- **Data for this task**:
•••••

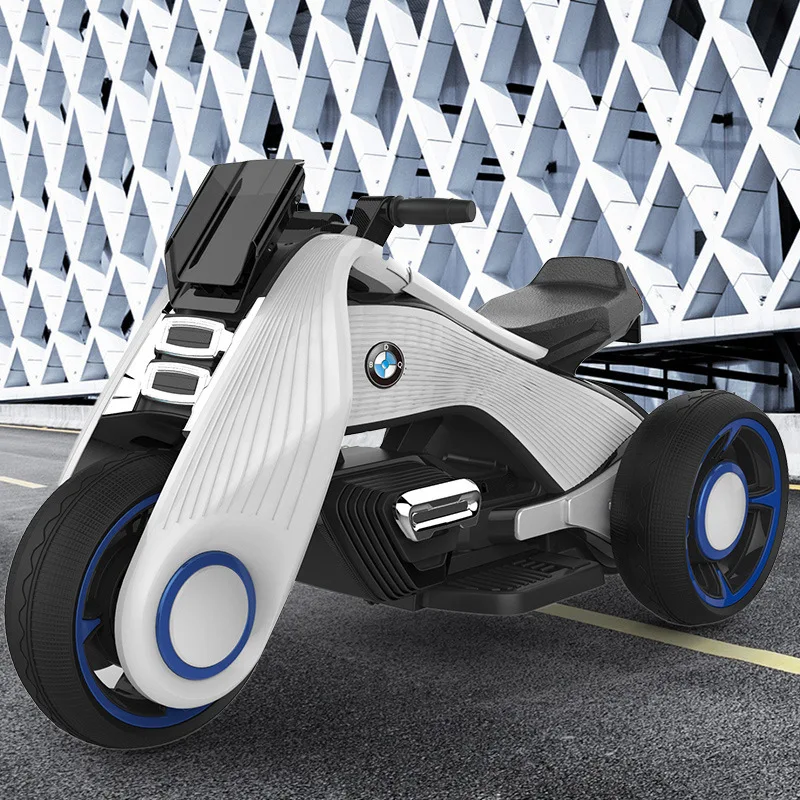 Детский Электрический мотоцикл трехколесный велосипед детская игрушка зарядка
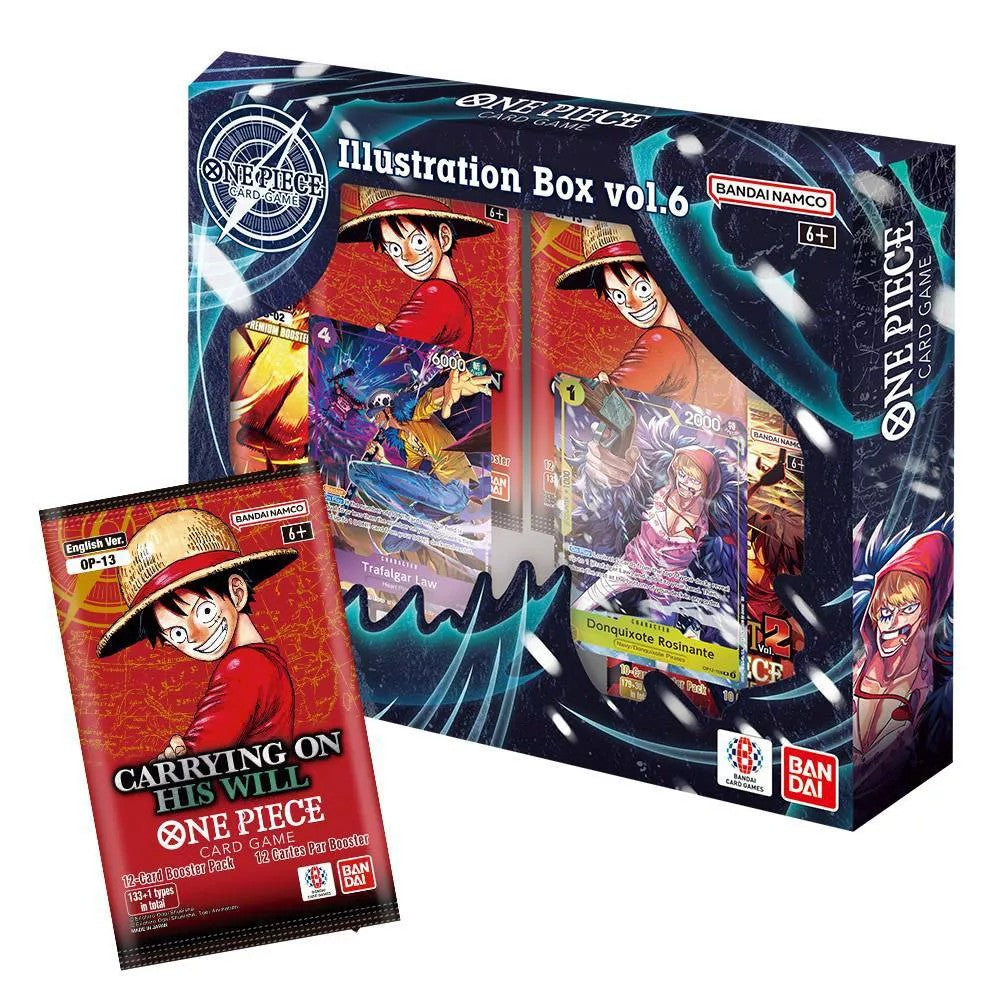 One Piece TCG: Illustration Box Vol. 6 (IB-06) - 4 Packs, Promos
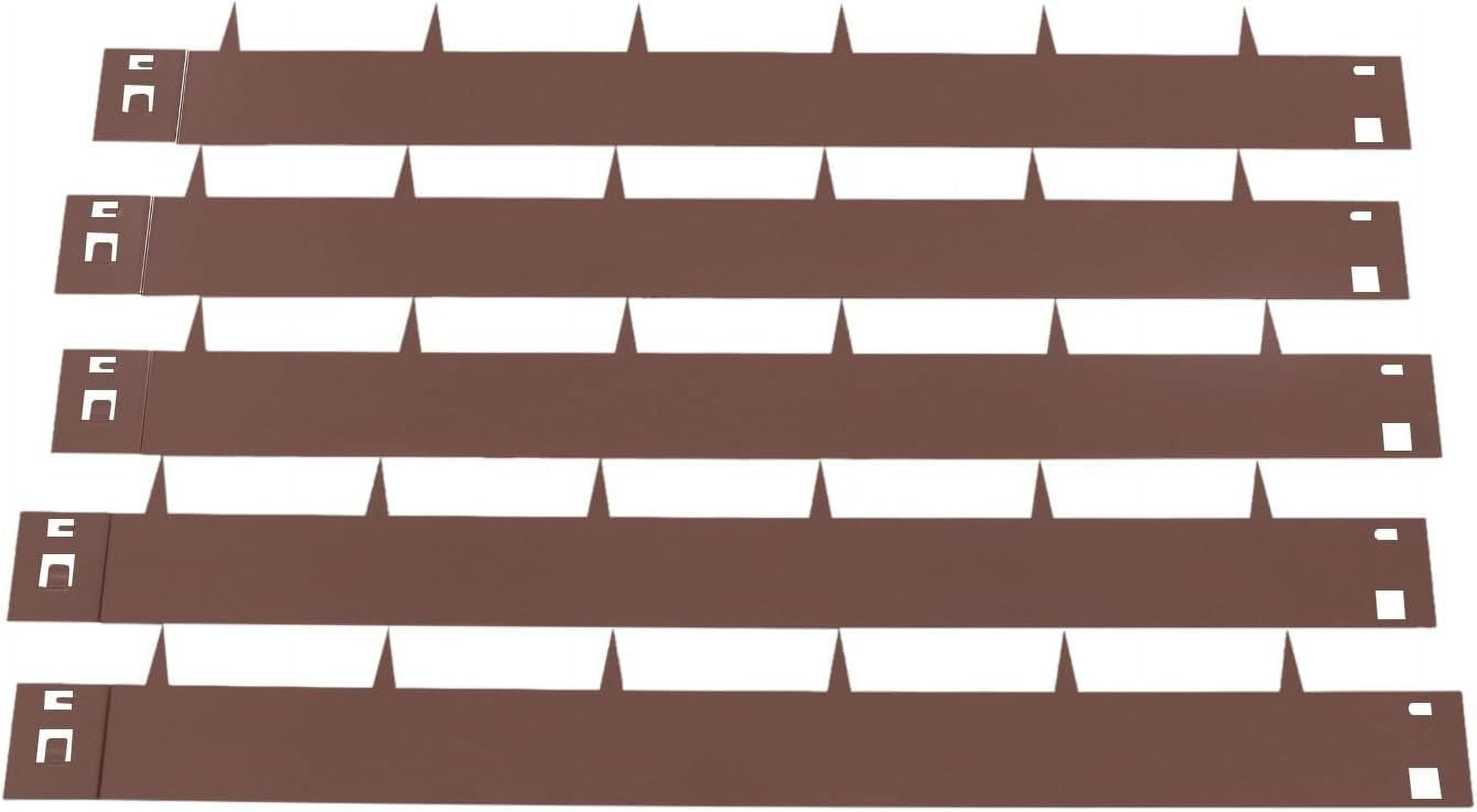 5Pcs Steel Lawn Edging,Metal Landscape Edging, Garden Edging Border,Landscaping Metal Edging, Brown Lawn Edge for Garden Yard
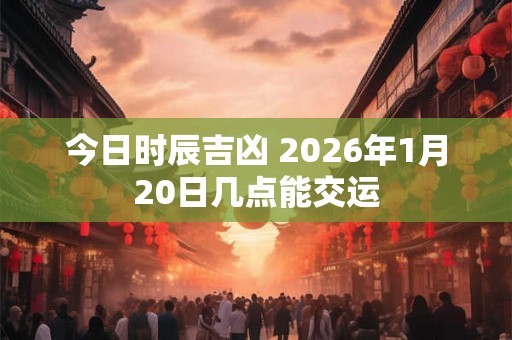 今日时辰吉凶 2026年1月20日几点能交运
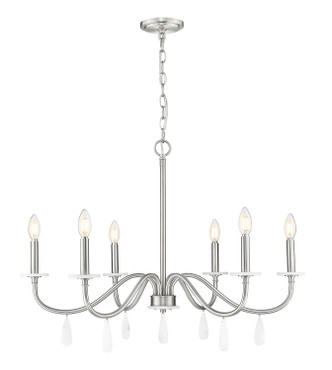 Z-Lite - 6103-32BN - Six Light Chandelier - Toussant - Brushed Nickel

•••••

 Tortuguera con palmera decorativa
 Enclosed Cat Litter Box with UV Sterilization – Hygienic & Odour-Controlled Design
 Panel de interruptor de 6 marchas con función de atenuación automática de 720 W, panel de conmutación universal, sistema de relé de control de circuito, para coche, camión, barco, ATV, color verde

•••••

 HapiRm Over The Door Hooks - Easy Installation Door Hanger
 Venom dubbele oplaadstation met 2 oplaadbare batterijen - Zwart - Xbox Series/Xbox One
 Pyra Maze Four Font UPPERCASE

•••••

- **What the task asks**: Using the entries above, return exactly the lines from the line with "Enclosed Cat Litter" to the line with "Panel de interruptor", counting both of those lines.

- **Output of the exercise**:
 Enclosed Cat Litter Box with UV Sterilization – Hygienic & Odour-Controlled Design
 Panel de interruptor de 6 marchas con función de atenuación automática de 720 W, panel de conmutación universal, sistema de relé de control de circuito, para coche, camión, barco, ATV, color verde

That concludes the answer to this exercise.